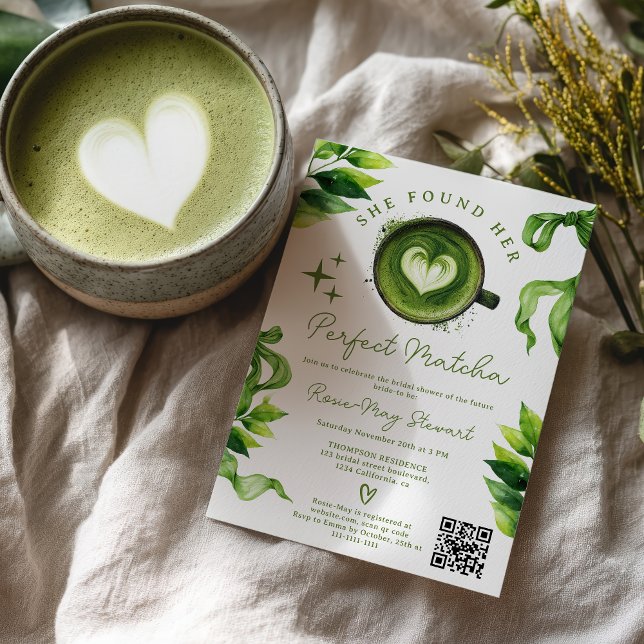 Invitation She Found Her Perfect Matcha Green Tea Qr Bridal  (She Found Her Perfect Matcha Green Tea Qr Bridal Invitation)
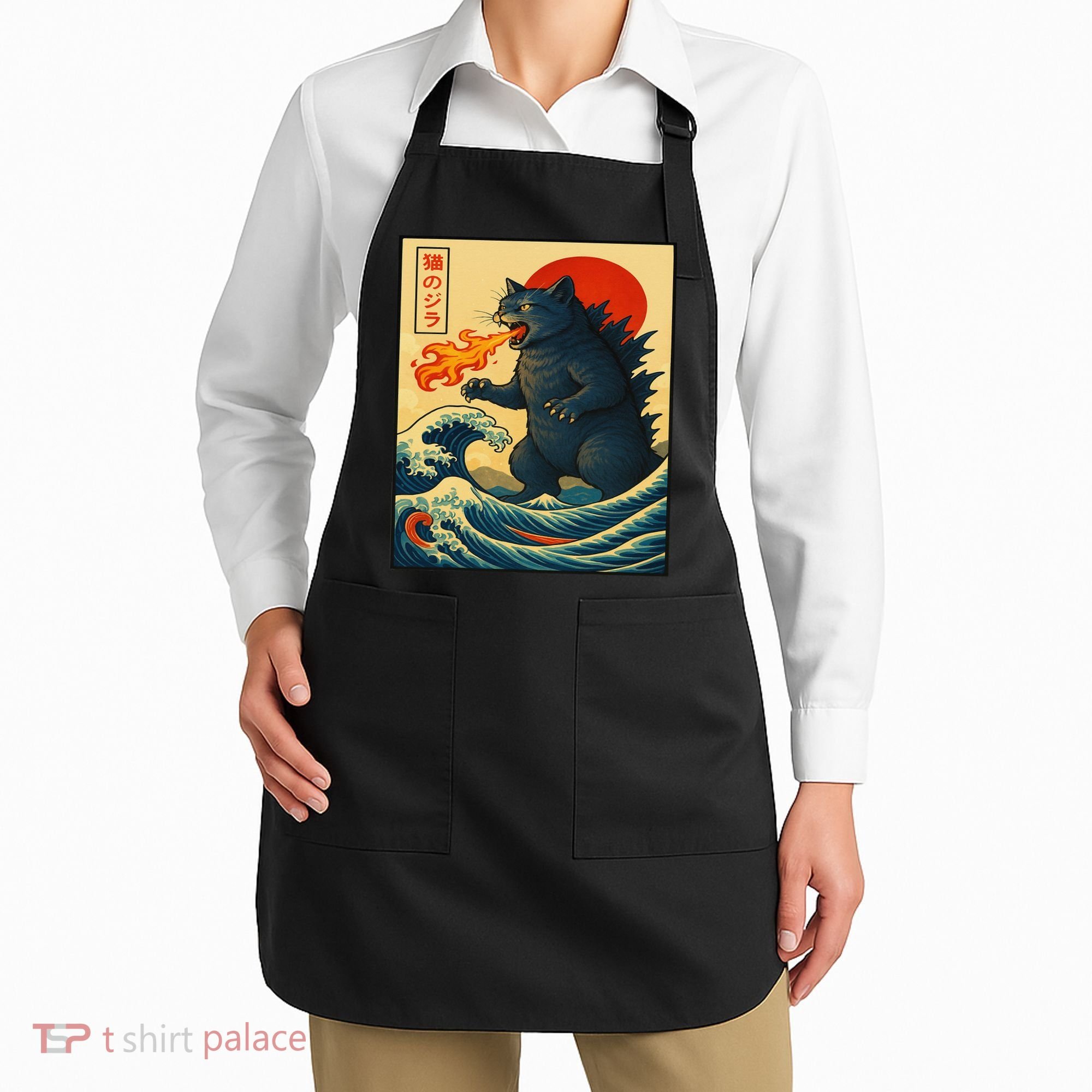 Japan Wave Catzilla Fire Cat Funny Gifts For Women Apron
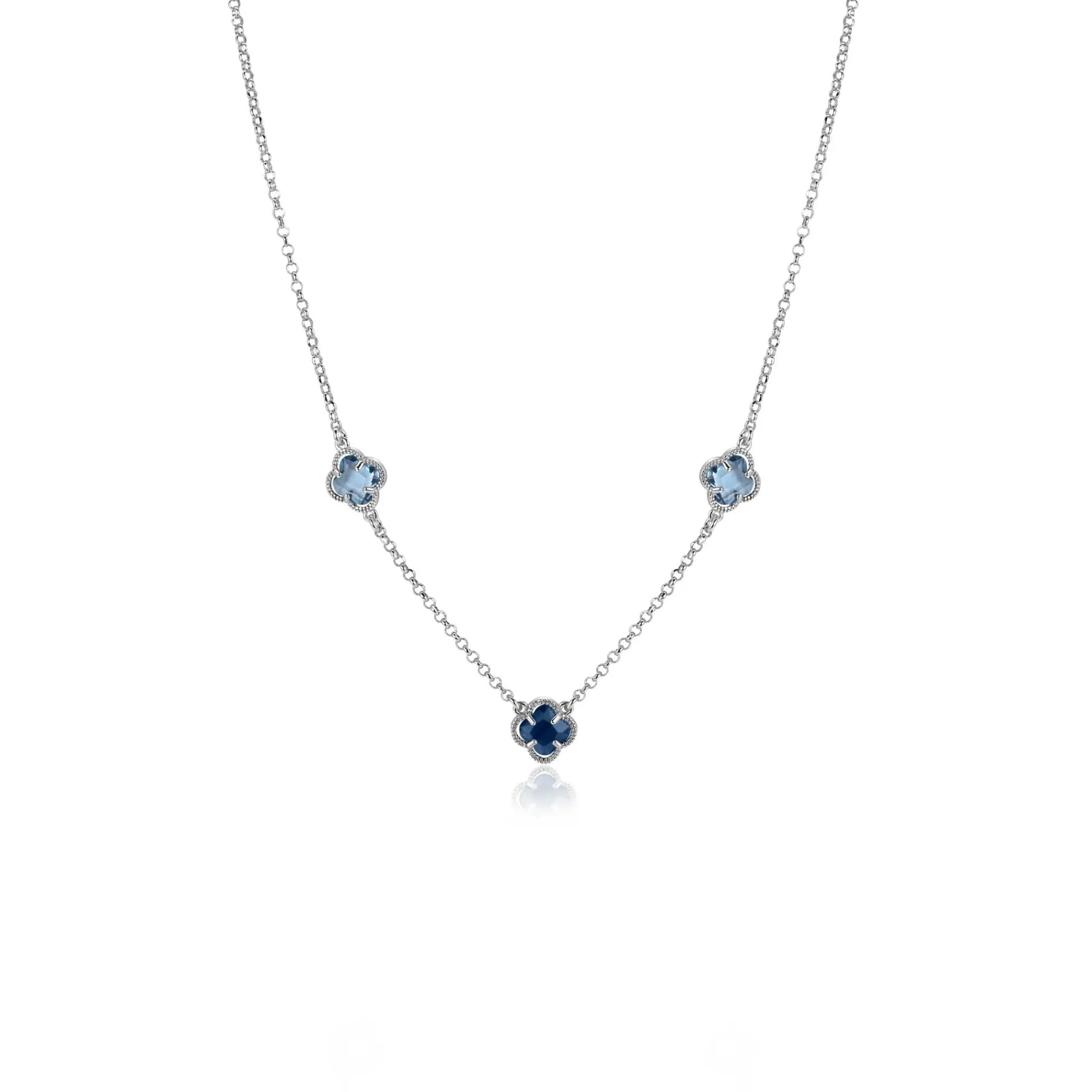 ZINZI zilveren schakelketting met twee lichtblauwe klavers en een donkerblauwe klaver 42-45cm ZIC2663B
★ ★ ★ ★ ★
What is needed:
Copy all the material exactly; omit images.

Answer to this task:
 Invitation She Found Her Perfect Matcha Green Tea Qr Bridal  (She Found Her Perfect Matcha Green Tea Qr Bridal Invitation)
 Japan Wave Catzilla Fire Cat Funny Gifts For Women Apron
 ZINZI zilveren schakelketting met twee lichtblauwe klavers en een donkerblauwe klaver 42-45cm ZIC2663B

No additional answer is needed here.